I would like to ask you to pray for our son who is a high school senior. He has been accepted to several universities, but he cannot decide what he wants to do after graduation. Housing applicatons are due by May 1st---and he's still undecided. He really wanted to go to the US Naval Academy and he hasn't heard from them, so I don't guess that is going to work out. He had his heart set on that, and now that it's not coming about, he's very down and not the least bit interested in going anywhere else.
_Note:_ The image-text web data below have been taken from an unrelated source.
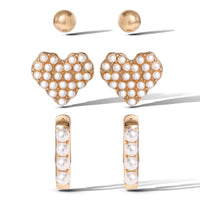 Jessica Simpson Pearl Stud Earring Set of 3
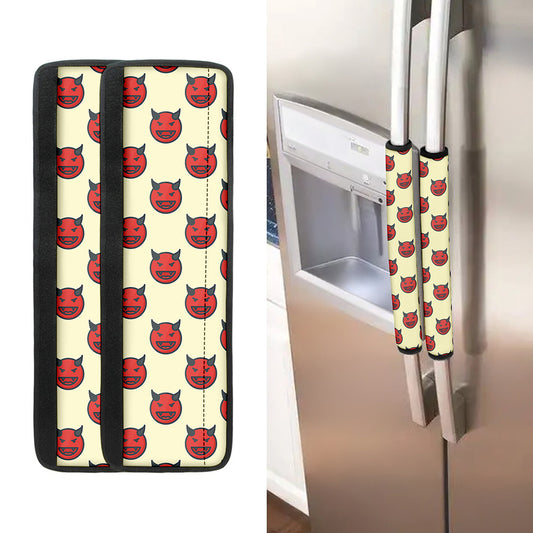 Devil Emoji Pattern Print Refrigerator Handle Covers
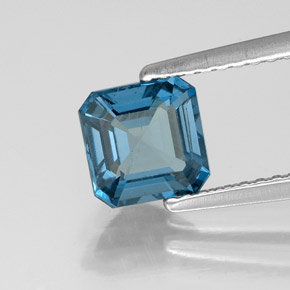 1.31 ct Blue Topaz Gemstone, Topaz Gem in Octagon Facet Shape for Sale.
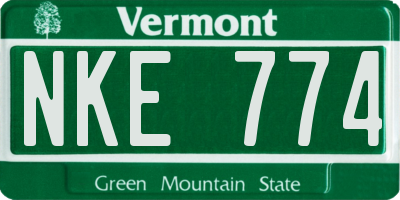 VT license plate NKE774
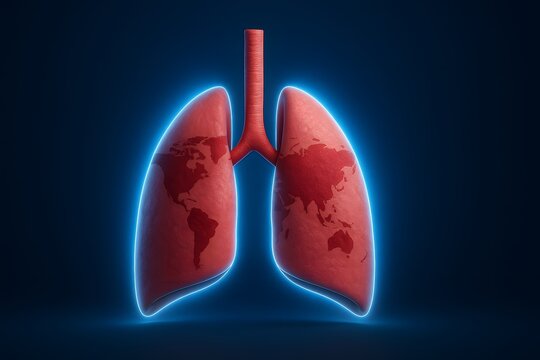 Illustrated red lungs with world map overlay and blue glow, symbolizing global respiratory health, lung disease awareness, air quality, and international events like World Lung Day.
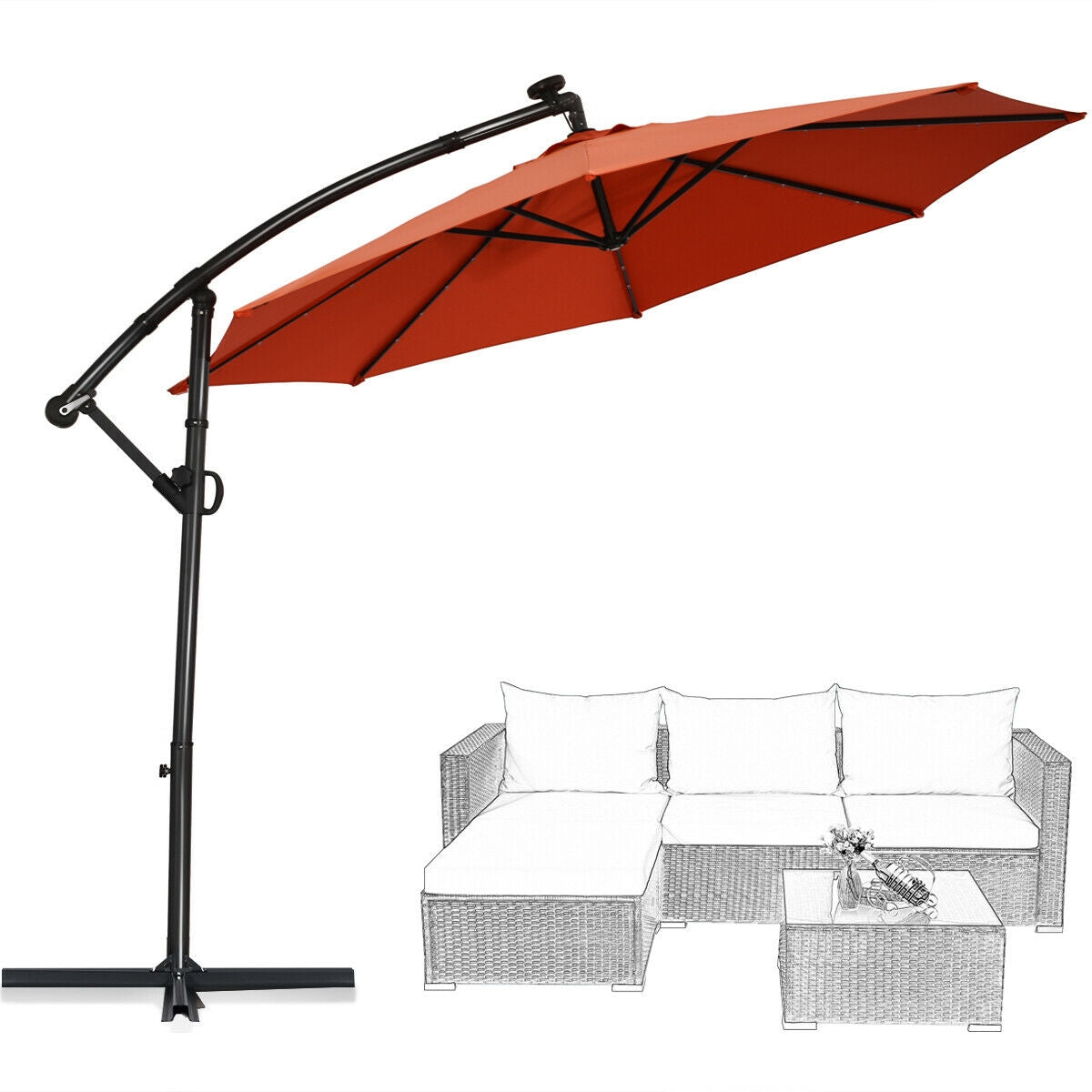 10 ft 360° Rotation Solar Powered LED Patio Offset Umbrella without Weight Base-OrangeÂ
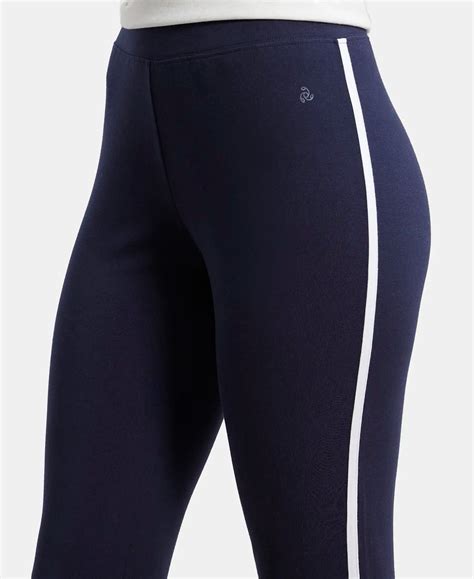 Buy Super Combed Cotton Elastane Leggings with Contrast Side Piping ...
I really am afraid he is clinically depressed. I've never seen him like this. When you ask him about school, he says, "I dunno." We've told him he could stay home next year and take some classes here, but he doesn't want to do that----but he can't make a decision about where to go.

I think he's paralyzed with the fear of making the wrong decision. We've told him if he goes somewhere and doesn't like it, that he can transfer somewhere else, but that just makes him mad. We've told him there is no wrong decision, that he will just have to try one and see how it goes.

He's no closer to making this decision than he was back in the fall when we started this process. My husband and I are about to pull our hair out!

We don't care where he decides to go. We just want him to be excited about going somewhere! I hate to see him so nervous about this. I know this is a very stressful time for him, but I never thought it would be this difficult for him.

I've offered to take him to a college/career counselor nd he balked at that. Now what? The deadlines are approaching fast! Please pray for him.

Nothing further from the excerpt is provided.